Encerrada a 26ª Conferência das Nações Unidas sobre Mudança do Clima (COP26), fica a pergunta: o mundo está mais perto de lidar com a emergência climática? Seria fácil responder que sim. No entanto, os resultados da COP26 ainda são insuficientes para garantir as metas do Acordo de Paris, adotado em 2015. Na ocasião, ficou estabelecido que todos os países aumentariam os esforços para limitar o aquecimento global a 1,5 °C acima das temperaturas da era pré-industrial e se comprometeriam a ampliar o financiamento para prevenir e combater os efeitos das mudanças climáticas.
Um recente estudo publicado na Nature integra impactos climáticos à economia global e demonstra que as perdas e danos são inevitáveis. Os países africanos, por exemplo, já gastam 10% de seu PIB para mitigar eventos climáticos extremos. As altas emissões de gases de efeito estufa, que se acumulam desde o início do século, ultrapassam muito o limite proposto para frear aquecimento global. A boa notícia trazida pela pesquisa é que esse cenário pode ser corrigido, desde que sejam direcionados investimentos em tecnologias de emissões negativas antes do final do século.
Esse modelo é conhecido como overshoot, o “caminho da ultrapassagem”, e contrasta com a via net-zero, baseada na mitigação e adaptação onde as reduções de emissões são mais imediatas e as temperaturas ficam abaixo das metas globais de temperatura ao longo do século.

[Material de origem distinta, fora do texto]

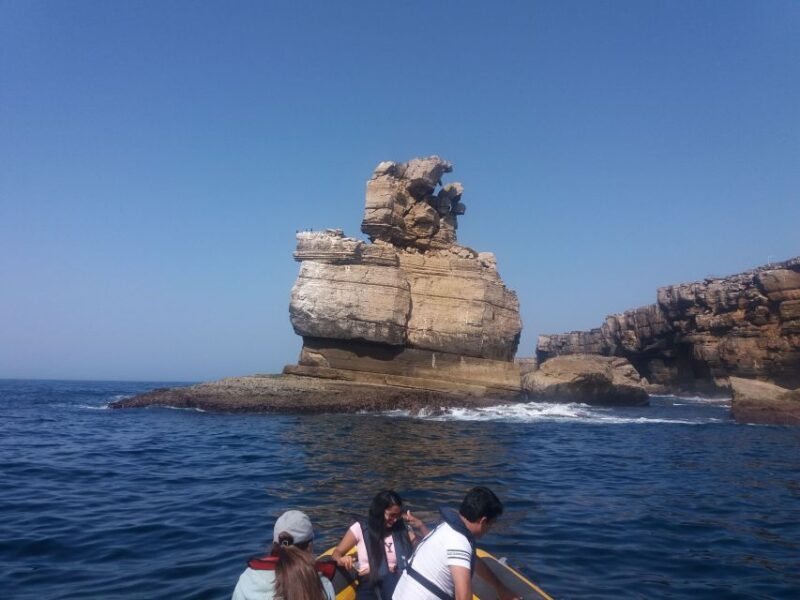 From Peniche: 1-Hour Cabo Carvoeiro Boat Tour - Important Notes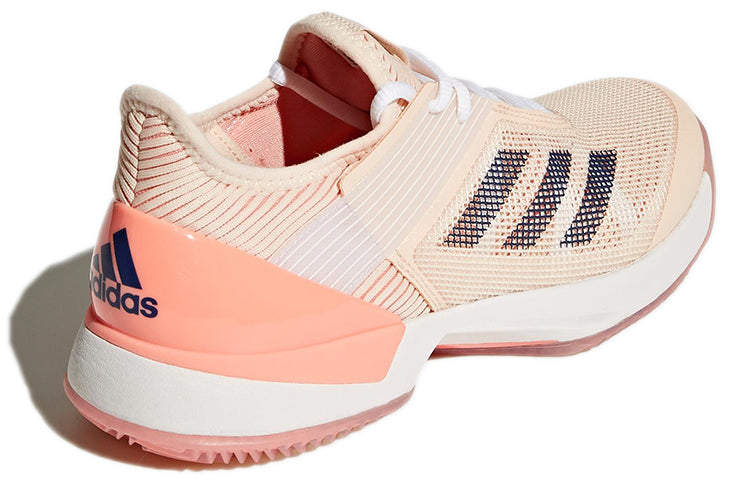 (WMNS) adidas Adizero Ubersonic 3 'Pink Beige' CM7754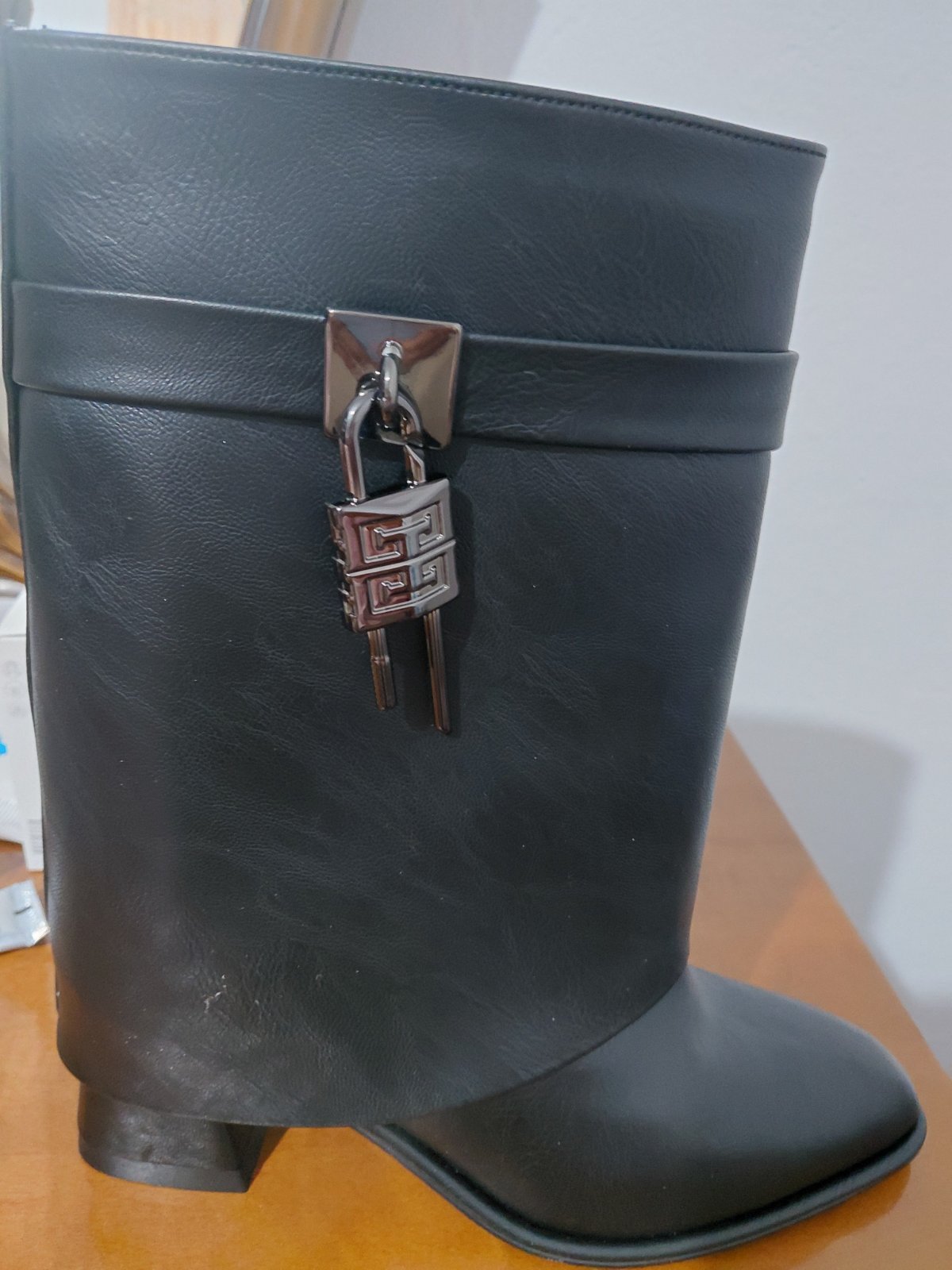 A vendre bottines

Todos os caminhos buscam como resultado uma transição para um modelo de desenvolvimento baseado numa economia de baixo carbono, mas no overshoot as opções concentram-se em adotar medidas de altíssimo investimento e grande repercussão no curto prazo, ou distribuir ao longo do tempo investimentos que possam gerar, no longo prazo, um maior número de impactos positivos. Ou ainda um caminho totalmente baseado em tecnologias de remoção em escala global, de modo a se reduzir as concentrações atmosféricas de carbono um pouco agora e um pouco no futuro, mas removendo muito ao longo do tempo. Essa opção, em especial, resultaria em um aumento de temperatura muito além dos limites de Paris, para posteriormente diminuí-la, removendo altas quantidades de CO2 da atmosfera. O ponto-chave é que quanto mais tempo em uma rota de overshoot, maior será o custo do investimento.
Eventos climáticos extremos, como secas e enchentes, serão cada vez mais frequentes: uma criança nascida em 2020 deve enfrentar sete vezes mais ondas de calor extremo ao longo da vida em comparação a alguém que nasceu em 1960, como discutido em estudo publicado na revista Science. Por isso, é fundamental que todos os países cumpram o estabelecido no Pacto de Glasgow, aumentando globalmente a ambição climática e efetivamente destinando US$ 100 bilhões/ano, totalizando US$ 500 bilhões em 2025, em financiamento climático aos países mais vulneráveis, o que vem sendo postergado desde Paris.
O resultado de uma Conferência do Clima é como um grande quebra-cabeça, cada peça traz uma contribuição para a construção do resultado final. Um dos principais objetivos da COP26 era concluir a definição das regras que irão orientar a etapa de implementação do Acordo de Paris. Depois de anos de negociações difíceis, Glasgow alcançou importantes consensos para os países relatarem as reduções de emissões de forma transparente e usarem compensações de carbono para cumprir suas metas climáticas. O fechamento do chamado “Livro de Regras” é fundamental para monitorar se os países estão realmente apresentando progresso em relação aos compromissos assumidos.
Avanços para conter o maior vilão da agenda climática também estão entre os resultados. O Pacto de Glasgow exige que os países eliminem gradualmente os subsídios aos combustíveis fósseis e diminuam o uso do carvão. Não há metas, mas há um caminho traçado para a descarbonização das grandes economias. Outros compromissos que são importantes peças na conclusão do quebra-cabeça de Glasgow são a aprovação das regras para o mercado de carbono ou mesmo a discussão sobre as oportunidades do carbono azul, gerado nos oceanos.
Talvez um dos avanços mais importantes dessa conferência climática tenha sido o foco nas chamadas Soluções Baseadas na Natureza (SBN) e no papel vital dos povos indígenas e das comunidades locais. O Pacto de Glasgow concorda em respeitar os direitos dos povos originários e reconhece seu papel central no enfrentamento ao cenário de emergência climática que vivemos. Esse foi apenas um primeiro e pequeno passo, há muito trabalho a ser feito para garantir os direitos desses grupos à terra e estabelecer como essa terra pode ser usada.
O sucesso ou o fracasso da COP26 dependerá de como os líderes mundiais irão cumprir os compromissos estabelecidos. O trabalho que temos pela frente se baseia na energia coletiva, de seguir pressionando e contribuindo na construção de soluções, para passar das palavras à ação.